The stratospheric increase in vegetable prices has burnt a hole in the common man's pocket and failed to enrich farmers, but the middleman seems to profit.
Blamed on excess rains, pest menace, falling yield and more exports to neighbouring states, prices of Tomato, beetroot, carrot and onion zoomed from 20% to almost 100% in the last few months.
The issue came to light in the last one week when the price rise was almost 50%. Tomato, which cost Rs 25/Kg three months ago, is close to Rs 50/Kg in several places in the city. Farmers, however, get a meager Rs 10 or 12 per Kg.
A kilogram of Carrot costs Rs 80, double the wholesale price, but the farmers get only Rs 25.
"We are surprised to hear about these prices. There has been no change in how much we get. Everything goes to middlemen," said Manjunath, a farmer from Kunigal.
Nagaraj, a farmer from Anekal, admitted he did not suffer losses. "But I am surprised by the high market prices. Compared to market rates, we get very less," he said.

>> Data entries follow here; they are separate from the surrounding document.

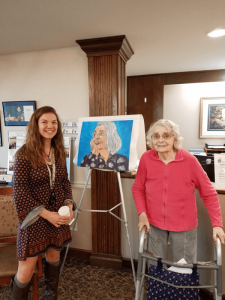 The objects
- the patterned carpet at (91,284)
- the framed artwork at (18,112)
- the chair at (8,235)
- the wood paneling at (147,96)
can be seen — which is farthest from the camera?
the wood paneling at (147,96)

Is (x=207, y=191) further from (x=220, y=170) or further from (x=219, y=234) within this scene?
(x=220, y=170)

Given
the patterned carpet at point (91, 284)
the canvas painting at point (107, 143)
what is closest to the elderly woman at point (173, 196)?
the canvas painting at point (107, 143)

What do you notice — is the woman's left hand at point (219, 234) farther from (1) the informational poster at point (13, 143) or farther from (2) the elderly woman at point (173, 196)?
(1) the informational poster at point (13, 143)

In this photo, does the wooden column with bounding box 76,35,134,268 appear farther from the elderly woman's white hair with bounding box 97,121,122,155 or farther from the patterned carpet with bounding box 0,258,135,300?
the elderly woman's white hair with bounding box 97,121,122,155

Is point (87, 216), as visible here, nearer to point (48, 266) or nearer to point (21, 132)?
point (48, 266)

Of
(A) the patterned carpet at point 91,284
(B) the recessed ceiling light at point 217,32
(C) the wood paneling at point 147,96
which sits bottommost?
(A) the patterned carpet at point 91,284

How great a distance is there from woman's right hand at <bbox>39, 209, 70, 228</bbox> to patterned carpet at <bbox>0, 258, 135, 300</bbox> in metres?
0.96

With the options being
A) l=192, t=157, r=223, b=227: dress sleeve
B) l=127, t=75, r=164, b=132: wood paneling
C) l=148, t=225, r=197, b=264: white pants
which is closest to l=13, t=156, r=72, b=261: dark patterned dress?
l=148, t=225, r=197, b=264: white pants

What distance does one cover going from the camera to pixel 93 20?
1.82m

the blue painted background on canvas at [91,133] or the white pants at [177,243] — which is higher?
the blue painted background on canvas at [91,133]

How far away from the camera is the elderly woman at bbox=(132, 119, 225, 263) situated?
4.53 feet

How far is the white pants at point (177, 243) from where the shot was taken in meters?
1.40

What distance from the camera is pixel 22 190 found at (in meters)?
1.33

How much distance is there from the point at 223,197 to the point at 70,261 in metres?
1.78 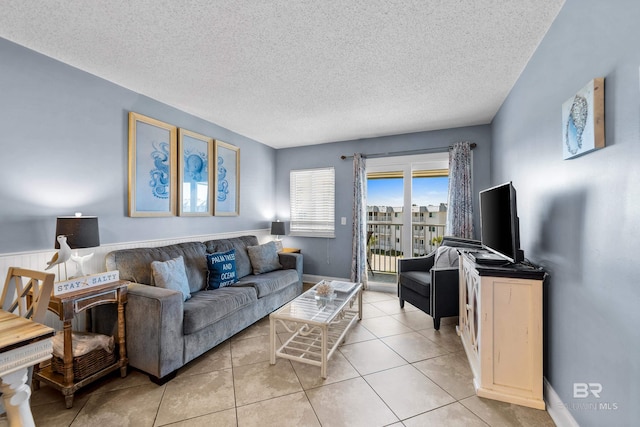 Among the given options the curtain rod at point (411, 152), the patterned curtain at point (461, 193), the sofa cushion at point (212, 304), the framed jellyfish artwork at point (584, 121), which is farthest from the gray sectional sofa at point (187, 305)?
the framed jellyfish artwork at point (584, 121)

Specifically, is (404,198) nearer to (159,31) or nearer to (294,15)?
(294,15)

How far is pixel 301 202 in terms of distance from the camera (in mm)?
4973

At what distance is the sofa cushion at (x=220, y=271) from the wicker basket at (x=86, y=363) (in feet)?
3.53

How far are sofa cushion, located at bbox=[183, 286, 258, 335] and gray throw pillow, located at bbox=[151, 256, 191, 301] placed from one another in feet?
0.52

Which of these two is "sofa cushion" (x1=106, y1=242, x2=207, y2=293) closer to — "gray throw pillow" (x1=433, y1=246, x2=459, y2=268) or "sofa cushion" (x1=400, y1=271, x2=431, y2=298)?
"sofa cushion" (x1=400, y1=271, x2=431, y2=298)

Wholesaler T Rajanna said the price rise happens at the retailer's end. "We pay the right amount to the farmers and ensure prices are reasonable," he asserts.

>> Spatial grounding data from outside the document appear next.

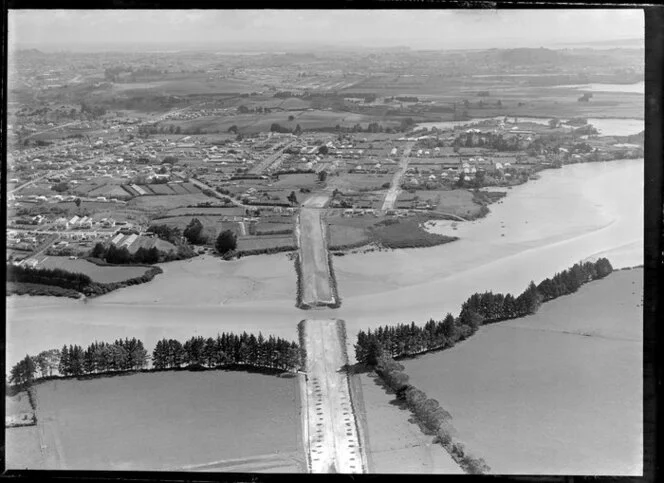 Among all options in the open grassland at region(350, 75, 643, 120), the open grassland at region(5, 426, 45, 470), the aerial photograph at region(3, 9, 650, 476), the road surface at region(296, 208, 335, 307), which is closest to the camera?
the open grassland at region(5, 426, 45, 470)

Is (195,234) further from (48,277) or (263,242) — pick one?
(48,277)

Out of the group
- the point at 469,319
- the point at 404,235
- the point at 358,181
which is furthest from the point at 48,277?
the point at 469,319

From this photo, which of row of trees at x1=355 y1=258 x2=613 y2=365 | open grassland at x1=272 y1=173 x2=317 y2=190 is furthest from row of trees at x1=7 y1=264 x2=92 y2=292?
row of trees at x1=355 y1=258 x2=613 y2=365

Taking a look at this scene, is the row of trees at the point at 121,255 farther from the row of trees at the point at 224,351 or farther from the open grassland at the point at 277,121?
the open grassland at the point at 277,121

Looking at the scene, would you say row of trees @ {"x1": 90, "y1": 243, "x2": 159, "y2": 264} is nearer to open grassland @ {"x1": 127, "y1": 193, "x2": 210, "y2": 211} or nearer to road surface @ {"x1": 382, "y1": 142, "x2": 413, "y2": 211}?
open grassland @ {"x1": 127, "y1": 193, "x2": 210, "y2": 211}

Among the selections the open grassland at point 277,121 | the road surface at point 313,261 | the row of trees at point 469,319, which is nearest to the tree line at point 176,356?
the road surface at point 313,261

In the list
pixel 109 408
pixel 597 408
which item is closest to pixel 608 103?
pixel 597 408
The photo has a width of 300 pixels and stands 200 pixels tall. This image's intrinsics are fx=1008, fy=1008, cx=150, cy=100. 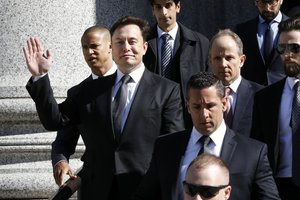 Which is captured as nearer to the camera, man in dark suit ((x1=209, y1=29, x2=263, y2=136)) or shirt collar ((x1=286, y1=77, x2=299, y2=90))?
shirt collar ((x1=286, y1=77, x2=299, y2=90))

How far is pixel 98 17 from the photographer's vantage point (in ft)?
29.4

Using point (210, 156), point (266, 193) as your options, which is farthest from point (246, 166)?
point (210, 156)

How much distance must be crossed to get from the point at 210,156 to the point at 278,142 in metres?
1.36

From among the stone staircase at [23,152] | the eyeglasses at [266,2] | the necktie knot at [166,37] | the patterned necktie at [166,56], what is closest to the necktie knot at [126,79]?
the patterned necktie at [166,56]

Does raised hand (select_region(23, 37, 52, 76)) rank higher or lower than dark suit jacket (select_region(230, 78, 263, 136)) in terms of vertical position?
higher

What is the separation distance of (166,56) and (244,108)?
123 cm

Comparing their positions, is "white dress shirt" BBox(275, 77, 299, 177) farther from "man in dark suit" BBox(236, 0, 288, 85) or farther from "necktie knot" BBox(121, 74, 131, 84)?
"man in dark suit" BBox(236, 0, 288, 85)

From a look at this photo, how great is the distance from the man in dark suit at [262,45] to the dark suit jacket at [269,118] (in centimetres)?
117

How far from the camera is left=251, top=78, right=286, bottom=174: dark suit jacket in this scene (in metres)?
6.27

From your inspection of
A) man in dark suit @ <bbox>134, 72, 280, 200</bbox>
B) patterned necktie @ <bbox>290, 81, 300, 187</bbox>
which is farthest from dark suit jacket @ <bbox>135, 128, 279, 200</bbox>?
patterned necktie @ <bbox>290, 81, 300, 187</bbox>

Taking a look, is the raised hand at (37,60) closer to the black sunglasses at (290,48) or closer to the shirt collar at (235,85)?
the shirt collar at (235,85)

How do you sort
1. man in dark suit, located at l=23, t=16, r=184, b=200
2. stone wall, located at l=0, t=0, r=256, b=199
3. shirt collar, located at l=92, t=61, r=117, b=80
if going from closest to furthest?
1. man in dark suit, located at l=23, t=16, r=184, b=200
2. shirt collar, located at l=92, t=61, r=117, b=80
3. stone wall, located at l=0, t=0, r=256, b=199

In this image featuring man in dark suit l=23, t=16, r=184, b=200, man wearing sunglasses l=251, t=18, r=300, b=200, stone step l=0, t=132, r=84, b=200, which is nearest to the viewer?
man wearing sunglasses l=251, t=18, r=300, b=200

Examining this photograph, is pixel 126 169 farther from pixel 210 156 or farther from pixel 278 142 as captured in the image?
pixel 210 156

Retailers strongly reject such ideas. "If we jack up prices, the vegetables would remain unsold and perish," retailer Sandesh said.
Hopcoms director M Vishwanath said a 25% price difference between farm and market is not unusual. "Any hike beyond that will hurt consumers. At Hopcoms, we look at these differences before fixing the price," he said.
While it is usual for prices to drop post-monsoon, vegetable prices are going in the other direction this time around.